Nissan GT-R R35 Final Edition Coming 2022 With 710 Horsepower: Report

il y a 4 années, 2 mois - 11 Septembre 2020, motor1
Nissan GT-R R35 Final Edition Coming 2022 With 710 Horsepower: Report
Production will allegedly be capped at 20 units.

With the 370Z and GT-R, Nissan has two of the oldest performance cars on sale today. While the former will finally be renewed later this month (well, at least in prototype guise), the latter will not switch to the next generation anytime soon. As a matter of fact, a new report from Japanese magazine Best Car Web says we're not going to see it before 2023 at the earliest.

The R35 Godzilla will apparently go out with a 710-horsepower bang in 2022 when Nissan is rumored to introduce a Final Edition. It will be nearly 15 years old by then, and this swan song is expected to be a limited-run affair capped at approximately 20 units. If that horsepower count seems familiar, that's because the special model will allegedly use the same powertrain as the GT-R50 by Italdesign and its mighty 575 pound-feet (780 Newton-meters) of torque.
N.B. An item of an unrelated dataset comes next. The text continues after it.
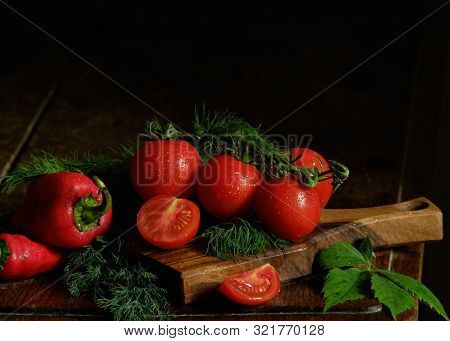 Still Life. Red Vegetables And Greenery  On A Table On A Black Background.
As you may recall, the GT-R50 uses a heavily upgraded version of the twin-turbo 3.8-liter V6 engine, further tuned by Nismo and equipped with turbochargers from the GT3-spec GT-R race car. The powertrain boasts larger intercoolers along with high-flow fuel injectors, along with reinforcements made to the six-speed dual-clutch automatic transmission and other major components.
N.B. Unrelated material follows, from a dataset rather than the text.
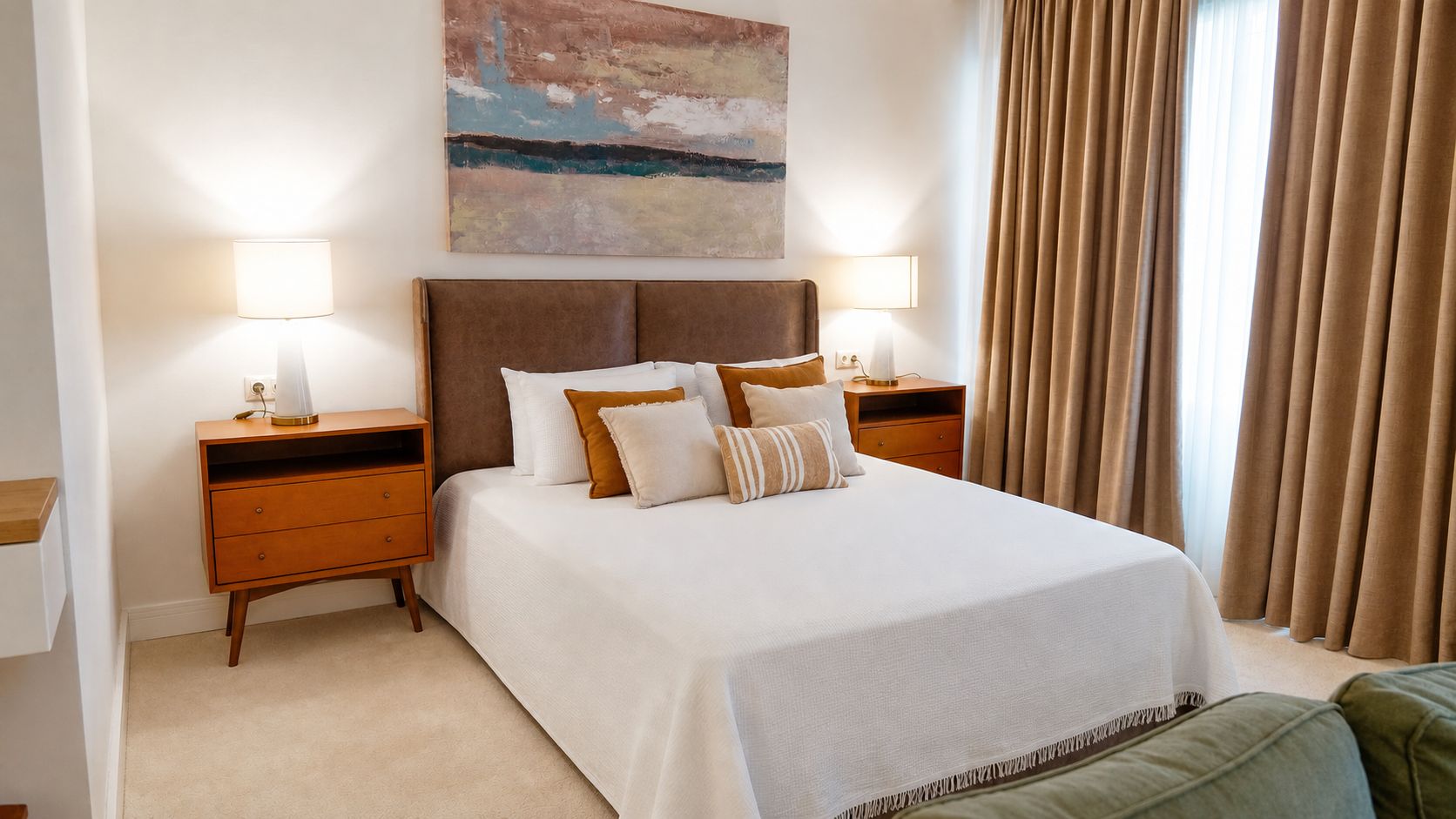 A hotel room with a large bed, two bedside tables, a nightstand, a painting on the wall, and a window with curtains.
Best Car Web magazine also says the GT-R R35 Final Edition is going to cost 40 million yen at home in Japan, which works out to about $377,300 at current exchange rates. That's a lot more than the 2021 GT-R Nismo available in the United States from $210,740, but a relative bargain compared to the GT-R50 by Italdesign and its $1 million sticker.
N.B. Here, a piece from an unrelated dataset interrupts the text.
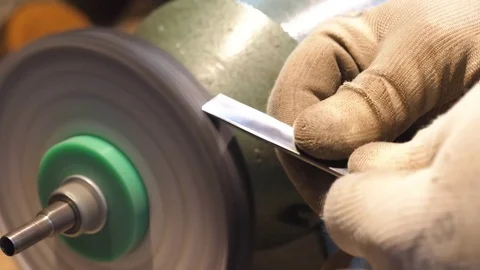 Sharpening a chisel on grinding machine Stock Footage 84663368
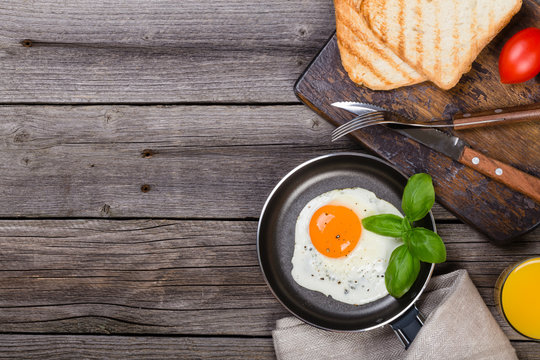 Fried egg with basil on pan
As it's always the case with GT-R reports, take the latest gossip with the proverbial pinch of salt. That said, it would make sense for the R35 to bow out with a powerful version considering the hardware is already available.

Beyond the R35, the next-gen model is widely believed to be electrified in one way or another, possibly by using a kinetic energy recovery system adapted from the GT-R LM Nismo race car used at Le Mans. Automotive News claims the R36 could indeed arrive in 2023.